As to how I review these: I eat the first bites of the apple on camera, post that shit to Instagram, and then I actually eat the rest of the apple on my own, in the quiet introverted solitude of my weird writer’s shed. I will peel the apples first, usually — sometimes the skin is a wonderful part of the apple, but honestly, I’m there for the APPLE MEAT. I’ll eat it, take notes as I go, and try to think really hard about what I’m tasting, which sometimes is “I taste muscat grape and paperback book paper and the wanderlust of a lonely but still-horny widow,” and other times is, “wow this tastes like an apple, you guys.” I’m sometimes sophisticated, other times, I’m just a dull penny, and we’re all going to have to deal with that.

I am not an expert on anything.

(I did write a book about apples but it’s fictional, and the apples in it are Quite Evil, so if you want Quite Evil Apples, then Black River Orchard awaits you. It’s also a very good Fall Times Spooky Season book — combining both the horror and the autumnal thing, if you are into such combinations.)

I’ll then start to keep these as a persistent list here on the site, linking to all these individual reviews.

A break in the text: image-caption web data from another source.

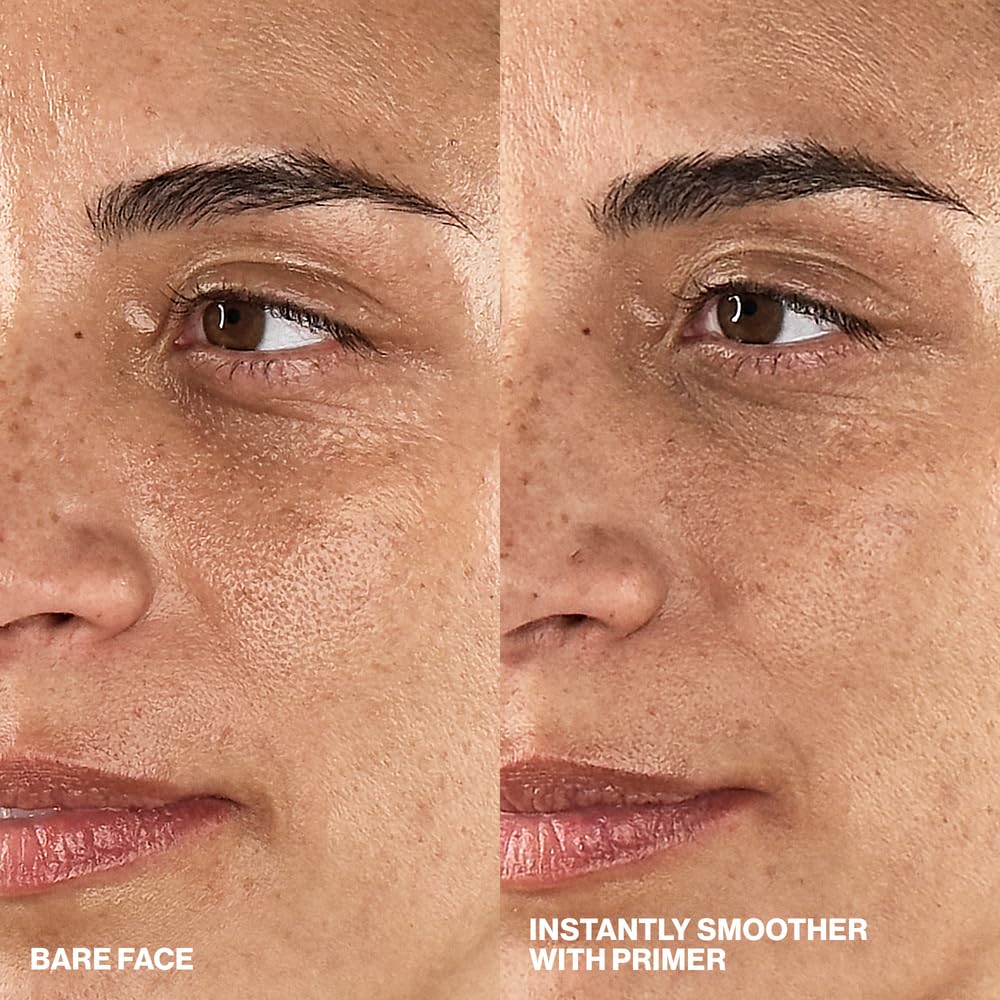 Smashbox Photo Finish Resurface Primer Serum - Smooths Texture & Locks in Makeup | 3.5% Glycolic Acid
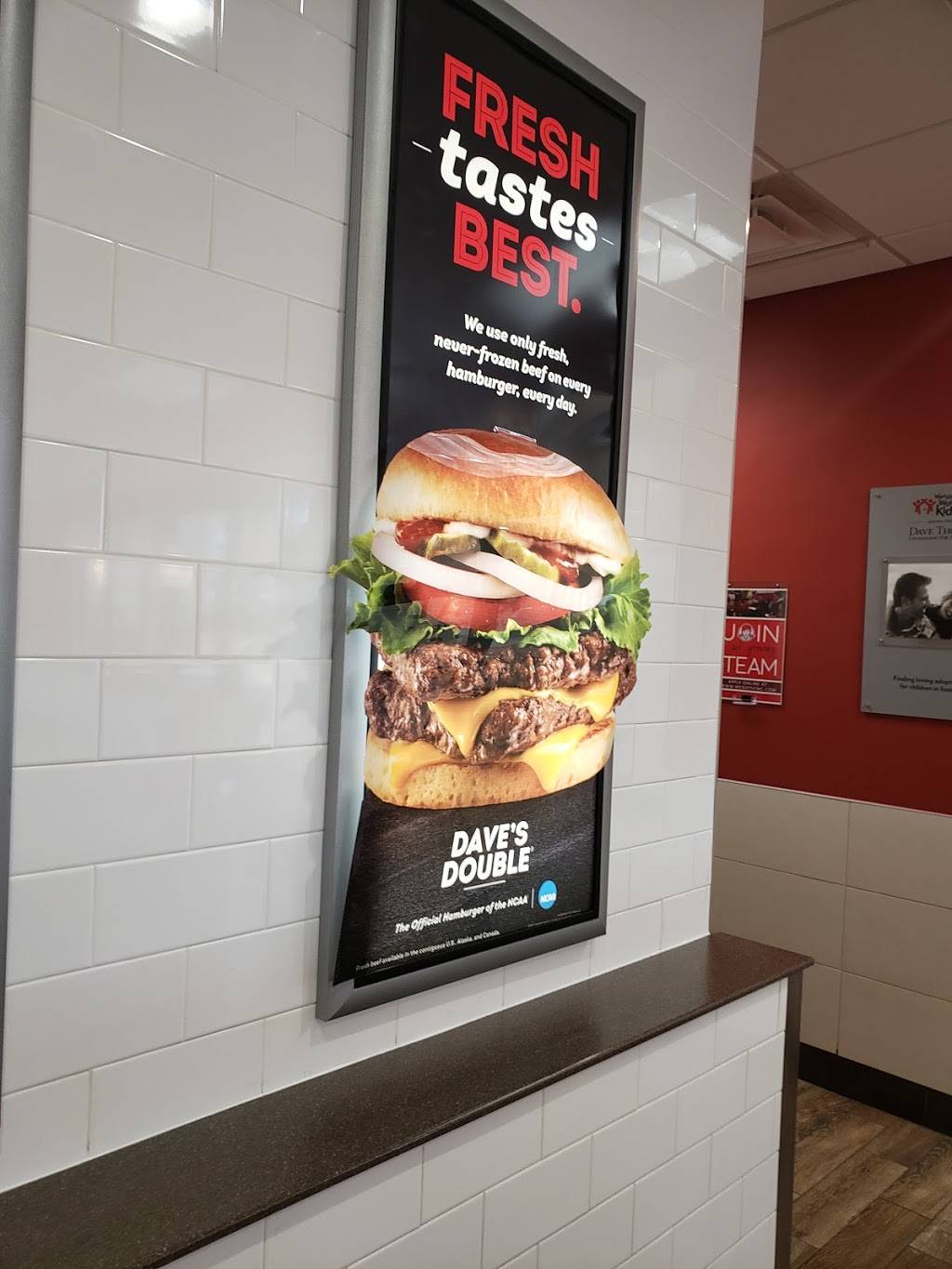 Wendys | restaurant | 3015 Panola Rd, Lithonia, GA 30038, USA | 7709813766 OR +1 770-981-3766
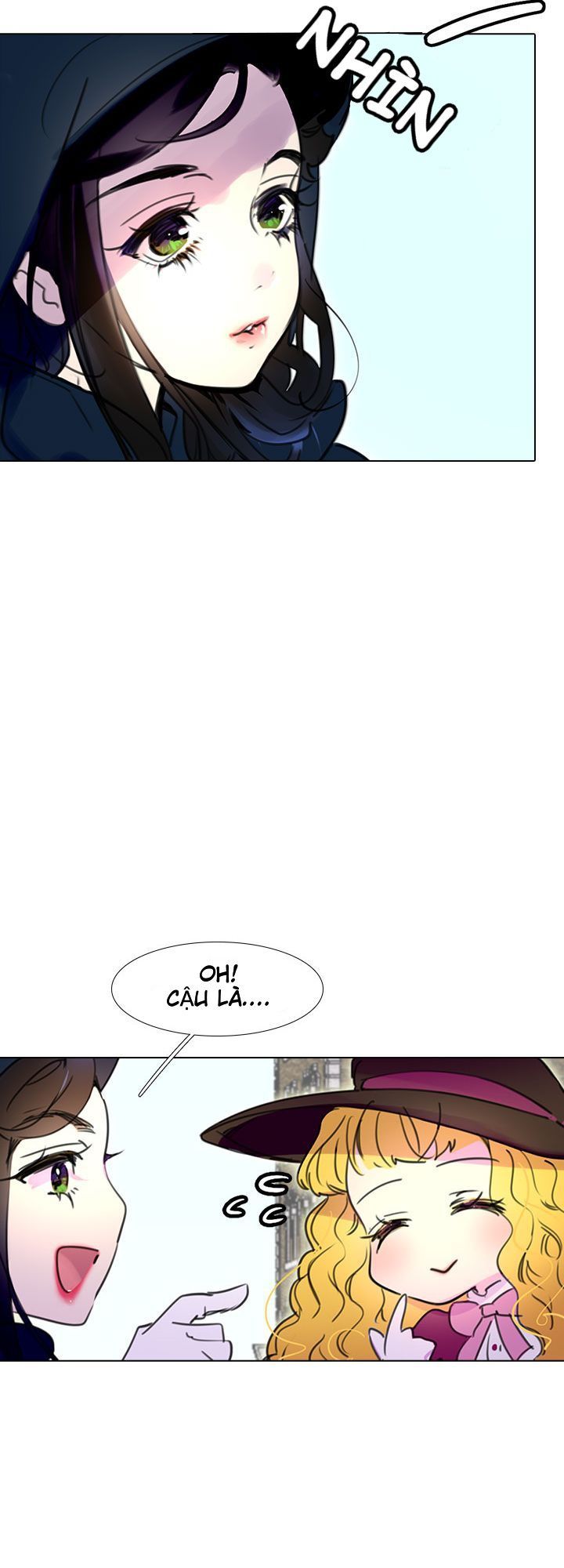 Tôi Không Phải Là Người Tốt Chapter 11 - 6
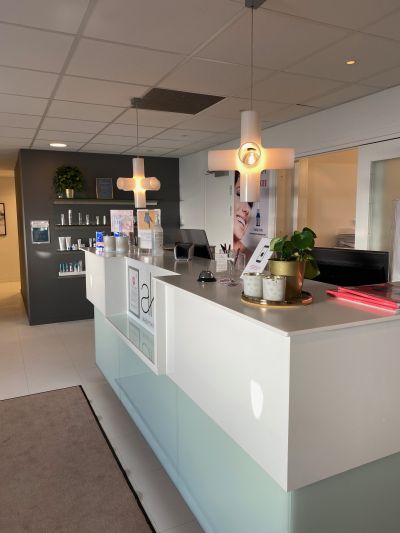 Akademikliniken Bergen Skin Center (profilbilde 2)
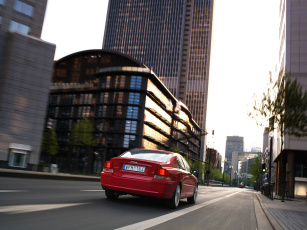 Картинка автомобили volvo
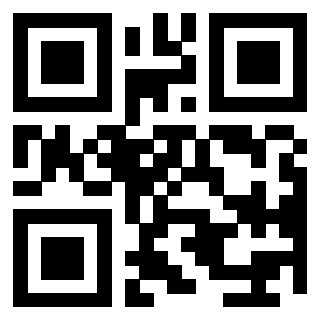Immagine del QrCode di 3405909623
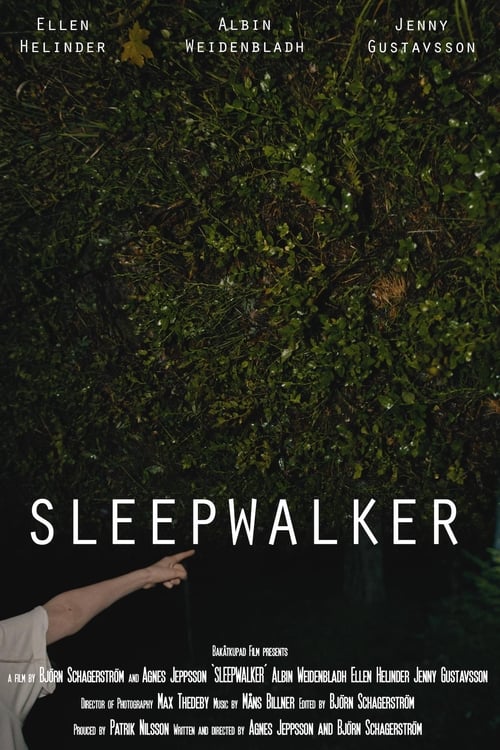Sleepwalker (2019)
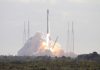 SpaceX boosts 60 more Starlink satellites into orbit after weather delays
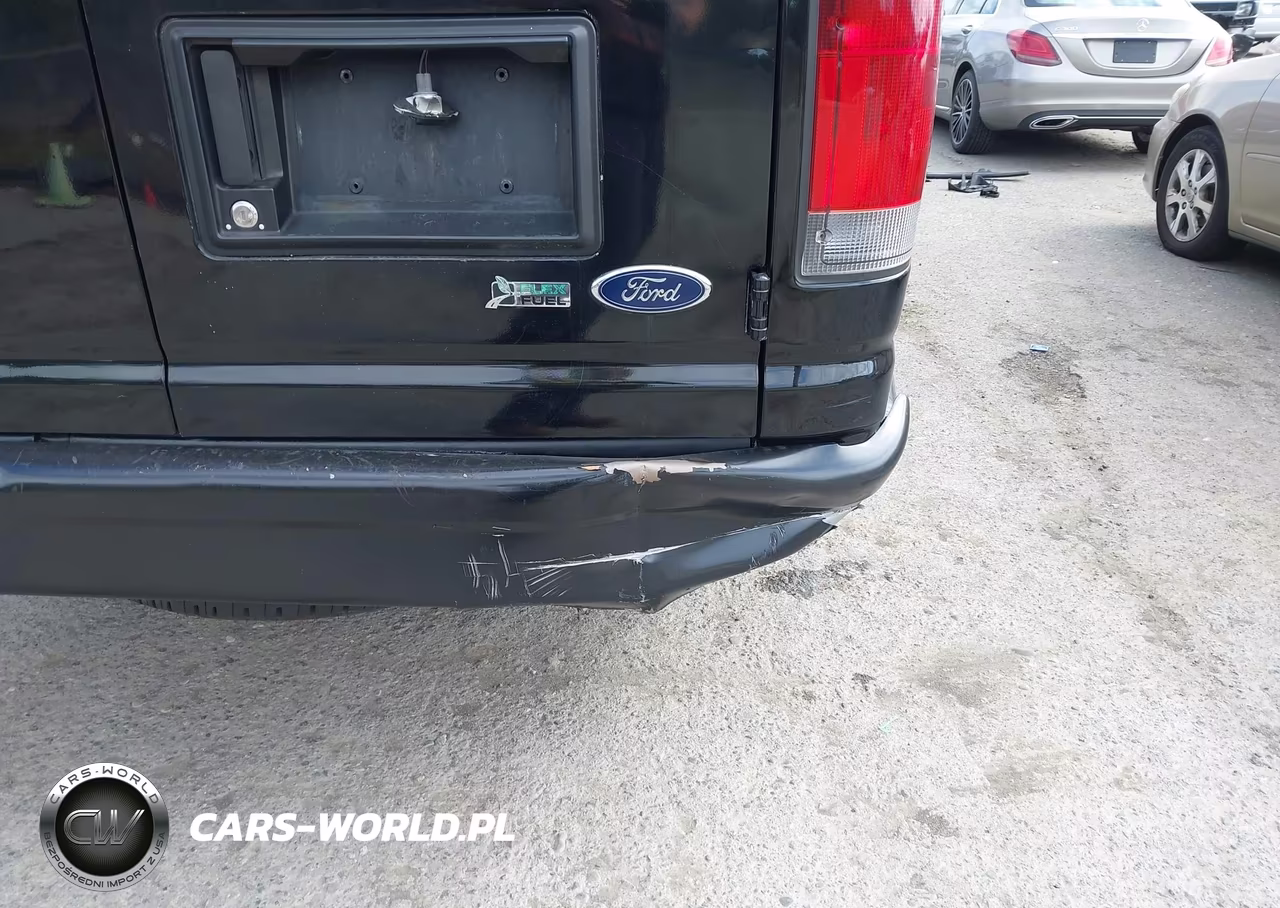 2010 Ford E-350 Super Duty Xl-Xlt VIN:1FBSS3BL6ADA30856 - 20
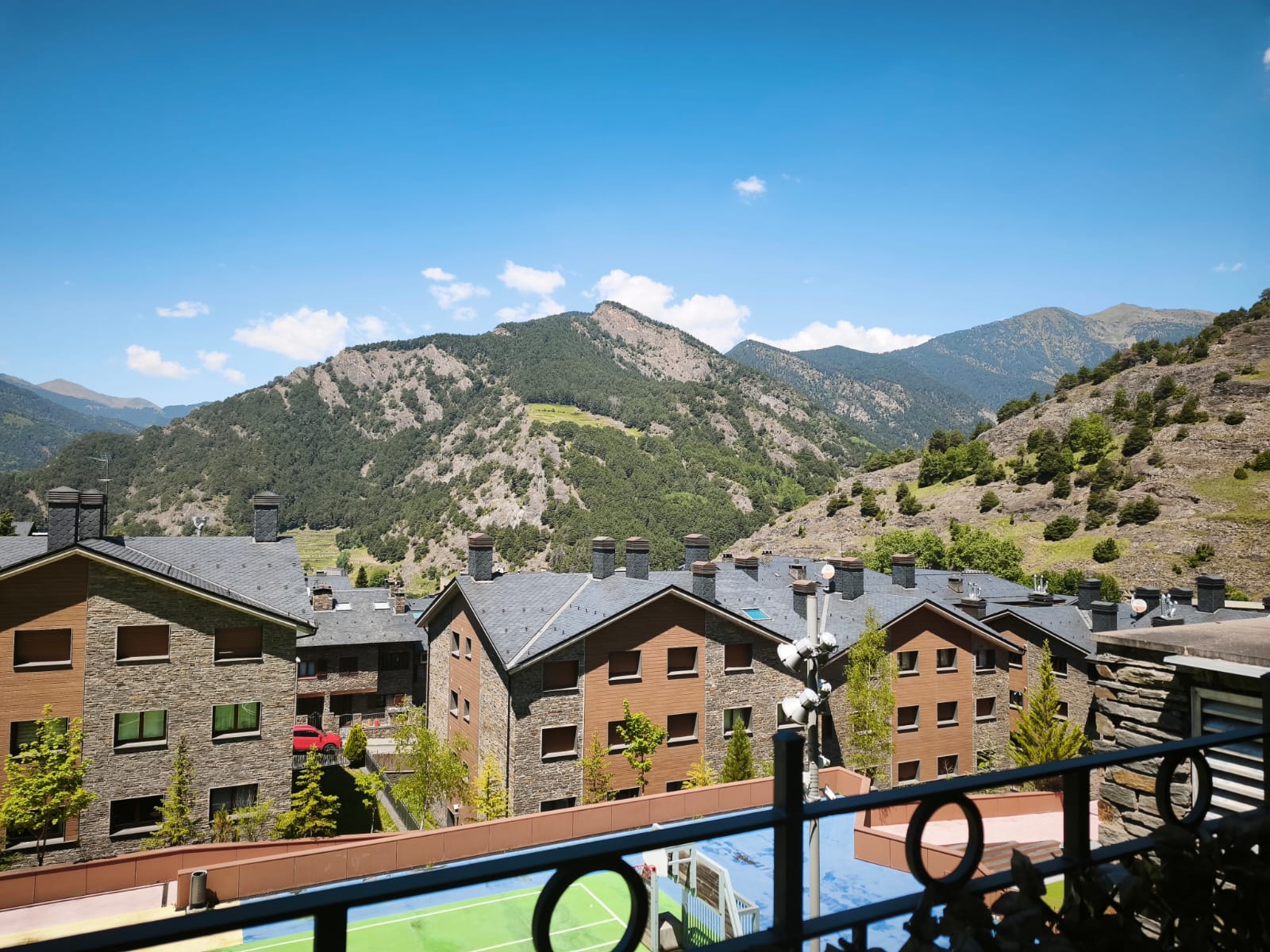Apartamento / Piso en Ordino - Foto 3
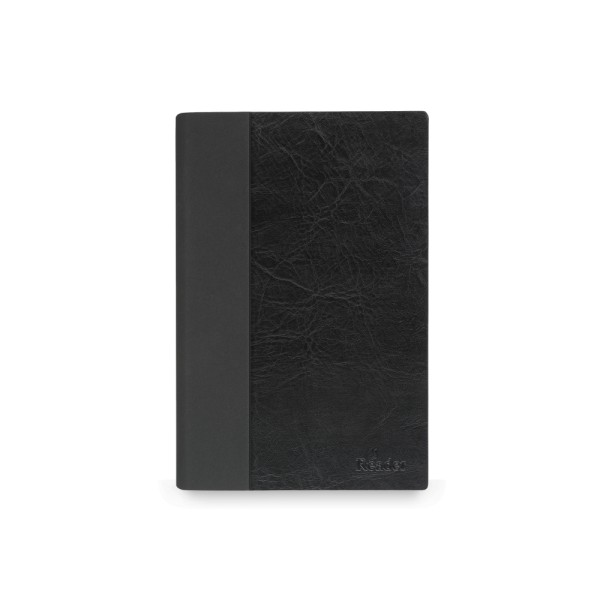 Sony PRSASC10BWW Black Standard Cover for T1 Reader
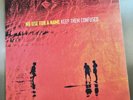 No Use For A Name Keep Them Confused LP Yellow Colored Vinyl Fat Wreck Chords
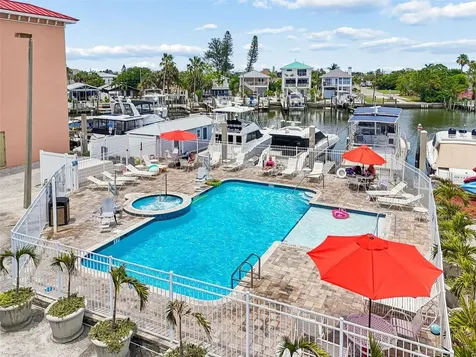 13235 Gulf Boulevard St Petersburg FL 33708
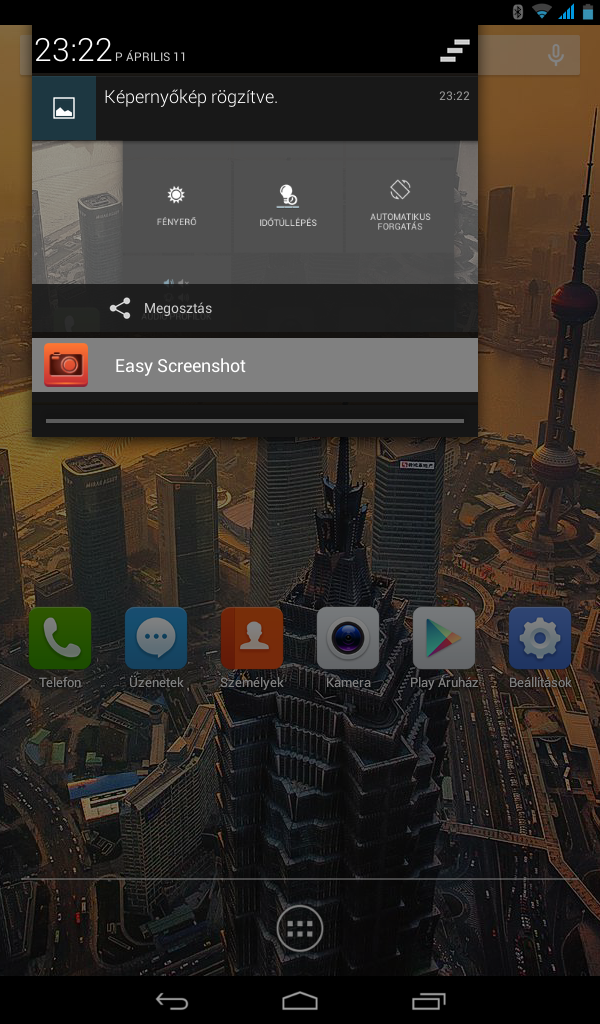 WayteQ xTAB 7X - DUAL SIM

Look for that starting up maybe later this week!

Okay, that’s done, let’s review Shrek’s Ballsack — uh, I mean, this totally normal and not-at-all-scrotal apple.


My review, Knobbed Russet from Scott Farm (VT), late September:

The Knobbed Russet.

Also known as: Knobby Russet, who I’m pretty sure was a kid I used to play kickball with. Also called the Winter Russet, the Old Maid. I might add a few more names, myself: Bubonic Orb, or Frankenstein’s Kidney. Or maybe Satan’s Canker. Belial’s Bezoar? Whatever.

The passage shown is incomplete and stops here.